Subsequently, Biedenharn and his brothers Will, Harry, Lawrence, Herman, Ollie, and Albert, and sister Katy acquired franchises to bottle Coca-Cola in Mississippi, Louisiana, and Texas. The site at 1107 Washington Street in Vicksburg, where the first bottling occurred, was built in 1890. Today it is a museum dedicated to this brand and industry. As their business grew, the Biedenharns bottled Coca-Cola in other locations in downtown Vicksburg until 1938, when they constructed a new Coca-Cola plant at 2133 Washington Street. The family sold the first building, and it was used for other commercial purposes.

In 1979, the Biedenharns regained ownership of the building. They renovated it and adapted it for use as a museum, using historic photographs and various exhibits to interpret the Coca-Cola heritage. The Biedenharns donated the building to the Vicksburg Foundation for Historic Preservation.

==Move to Monroe==
In 1913, Joseph Biedenharn moved with his family to Monroe in Ouachita Parish in northeastern Louisiana, where he purchased a small bottling plant to produce Coca-Cola.

The Tallulah Coca-Cola Bottling Plant operated by Joe Biedenharn, built in c.1930 and c.1940 in Madison Parish, is listed on the National Register of Historic Places.

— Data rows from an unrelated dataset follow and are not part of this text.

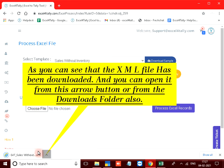As you can see that the XML file has been downloaded and you can open it from this arrow button or from the downloads folder also.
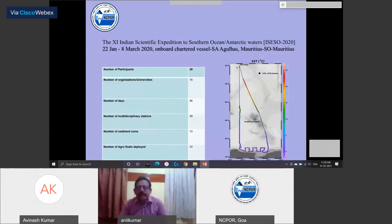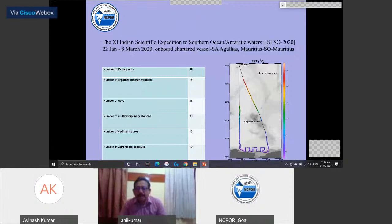The expedition track is shown here. The different colors in the track represent temperature changes — temperature going down while going towards south. When reaching the coastal regions of Antarctica, the temperature is very, very low.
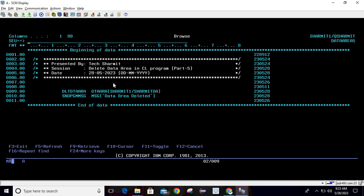Whenever there is any requirement where you want to delete a data area completely, you want to delete a data area from your system, then in that case you can use DLT DTA ARA command in CL program to delete the data area.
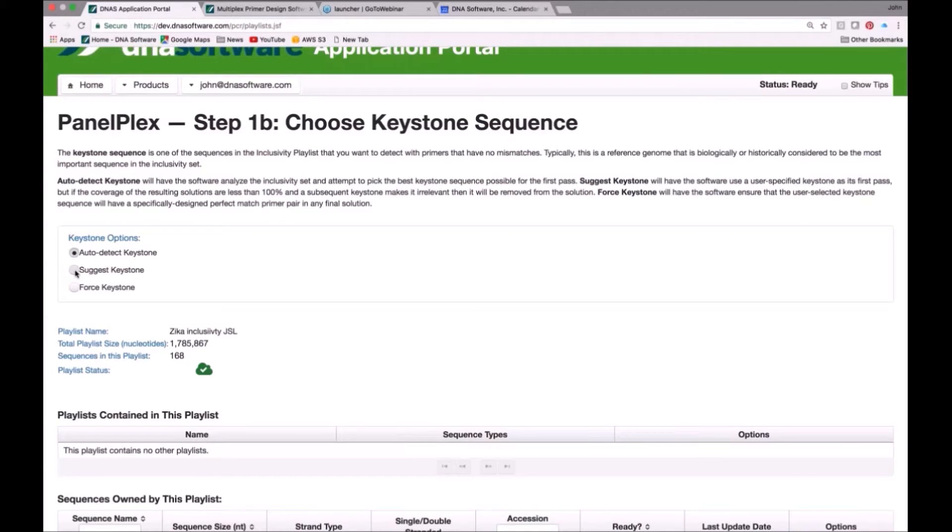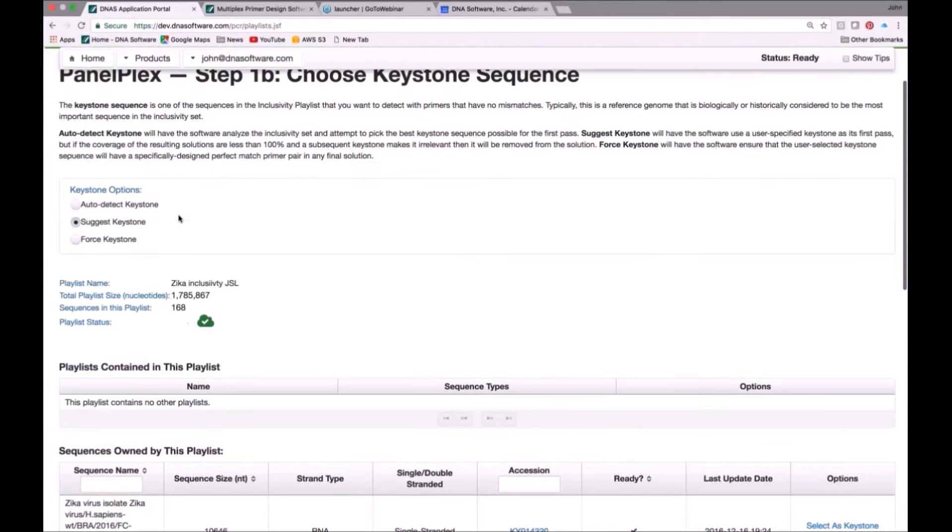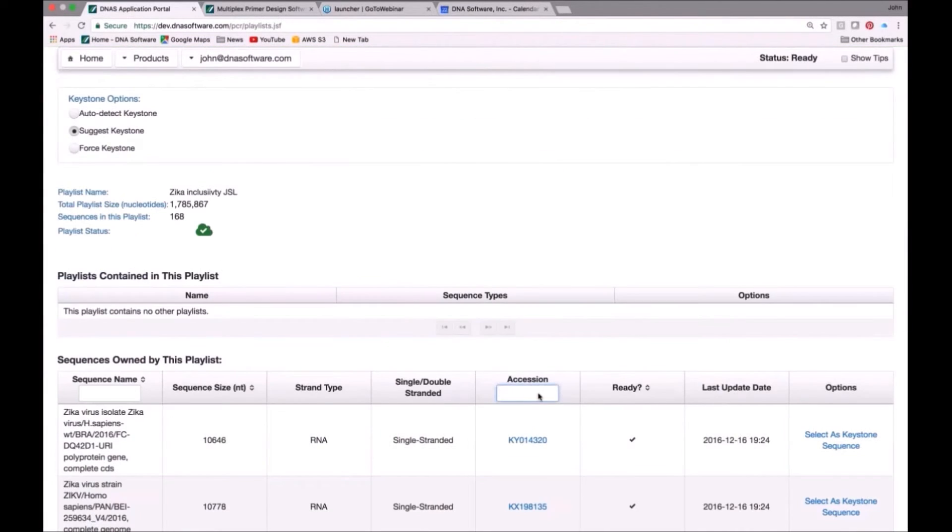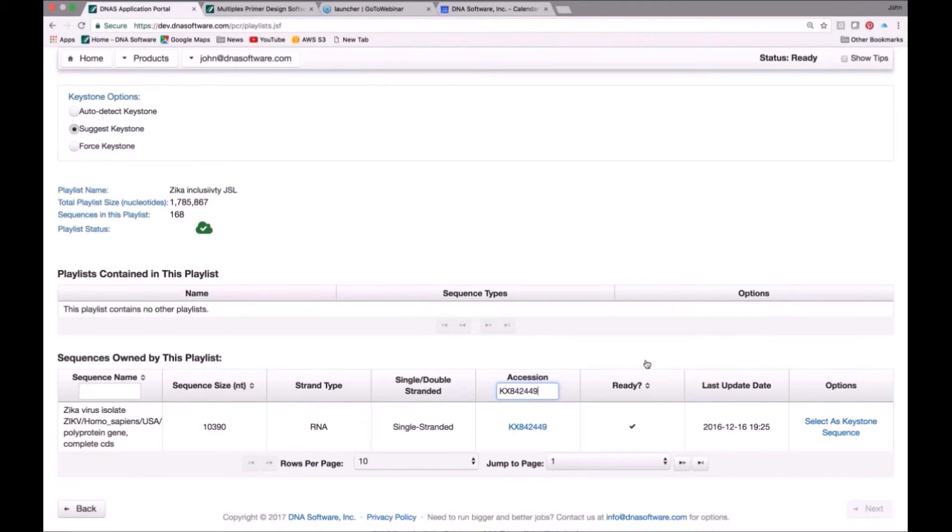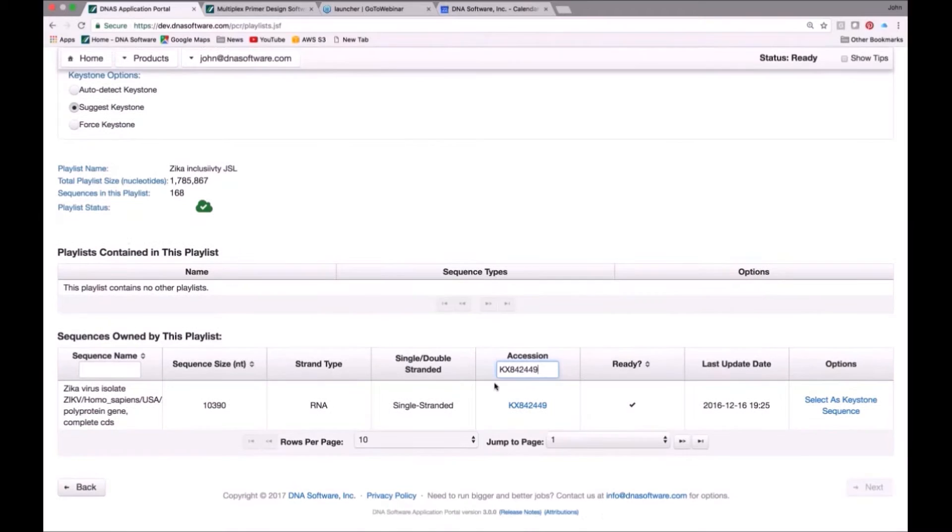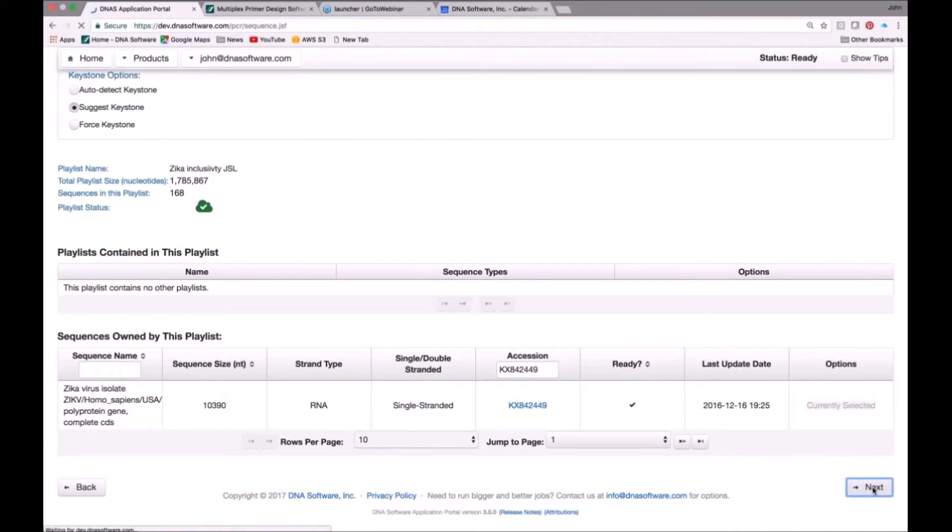But even if you choose a bad keystone, the software is smart. It will try other keystones as well and compare them to yours. So if you hit the select keystone, it will try several different keystones, including yours, to see which one works best. In this case, here I have a starting keystone. That was what I queued myself to remember. Before I plugged it in, this is just showing you the complete list of inclusivity sequences. Now I put this accession in and zeroed in on the one that I want to use, so that's what I'm going to use as my keystone.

He and his wife had a large mansion and gardens designed for them. The Biedenharn home in Monroe is now a tourist attraction, operated as the Biedenharn Museum and Gardens at 2000 Riverside Drive. It is visited by 25,000 to 30,000 persons per year. The original Biedenharn home is furnished as it was during the years when the Biedenharns' daughter, Emy-Lou, a contralto opera singer prior to World War II, resided there until her death in 1984. In addition, the house has an area of soft drink exhibits, and a Bible Museum with rare books. It also hosts rotating exhibits.

In 1925, Joseph and his son Malcolm Biedenharn, together with other entrepreneurs, purchased a crop-dusting business. They added eighteen planes, making it the largest privately owned fleet in the world. That company eventually developed as Delta Air Lines. It operated from Monroe before moving to the larger regional city of Atlanta. Until the late 1990s, a Biedenharn family member always sat on the Delta board.

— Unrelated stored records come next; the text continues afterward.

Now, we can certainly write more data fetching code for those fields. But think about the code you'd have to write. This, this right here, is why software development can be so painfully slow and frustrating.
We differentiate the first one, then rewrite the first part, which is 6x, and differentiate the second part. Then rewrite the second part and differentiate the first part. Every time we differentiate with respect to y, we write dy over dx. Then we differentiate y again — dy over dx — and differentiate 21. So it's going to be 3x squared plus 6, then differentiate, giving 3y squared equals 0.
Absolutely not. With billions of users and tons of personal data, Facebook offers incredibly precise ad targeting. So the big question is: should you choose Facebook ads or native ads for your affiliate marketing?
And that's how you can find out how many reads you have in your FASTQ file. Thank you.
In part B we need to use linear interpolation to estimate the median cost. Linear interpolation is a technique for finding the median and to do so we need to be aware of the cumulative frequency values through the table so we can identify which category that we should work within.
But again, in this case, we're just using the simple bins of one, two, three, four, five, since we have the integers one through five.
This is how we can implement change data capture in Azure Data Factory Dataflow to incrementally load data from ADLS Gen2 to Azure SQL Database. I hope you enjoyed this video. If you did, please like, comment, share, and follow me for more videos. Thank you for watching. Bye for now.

After the death of his son Malcolm, Biedenharn named a grandson, Henry A. Biedenharn Jr. (1919–2010), as the president of the Ouachita Coca-Cola Bottling Company. Joseph Biedenharn died in the fall of 1952 in Monroe at the age of eighty-five.

In 1962, Emy-Lou Biedenharn published a memoir of her father, a decade after his death. In 1971, she established the Emy-Lou Biedenharn Foundation as a charitable organization in the city.

Henry A. Biedenharn Jr., a Monroe native who served in World War II as a United States Navy flight instructor, also became affiliated with Biedenharn Realty Company, Inc., the Harn and Biedco corporations, the Ouachita National Bank, Premier Bank, and Bank One. He participated as well in the foundation established by his aunt, Emy-Lou Biedenharn. In 1940, he wed the former Dorothy "Doll" Hudson (1921–2017), a socialite also from Monroe. The couple had four children.

The Biedenharn family is known for its philanthropy:

Just look around our community—there's an Emy-Lou Biedenharn Recital Hall at the University of Louisiana at Monroe, there are at least three student scholarships at ULM, and we've got the ballfields in West Monroe. The individual family members also have been very charitable," said Ralph Calhoun, executive director of the museum and gardens.

Alana Cooper, executive director of the Monroe-West Monroe Convention and Visitors Bureau, told the Monroe News-Star that her city might be a much different community if the Biedenharns had never moved there: "Large corporations were formed in the area and they grew into national companies and that's because he and his family were smart businesspeople. A lot of things grew from those businesses ... that provided a lot of jobs for a lot of people." Cooper also noted that Emy-Lou Biedenharn left her own cultural legacy to the city.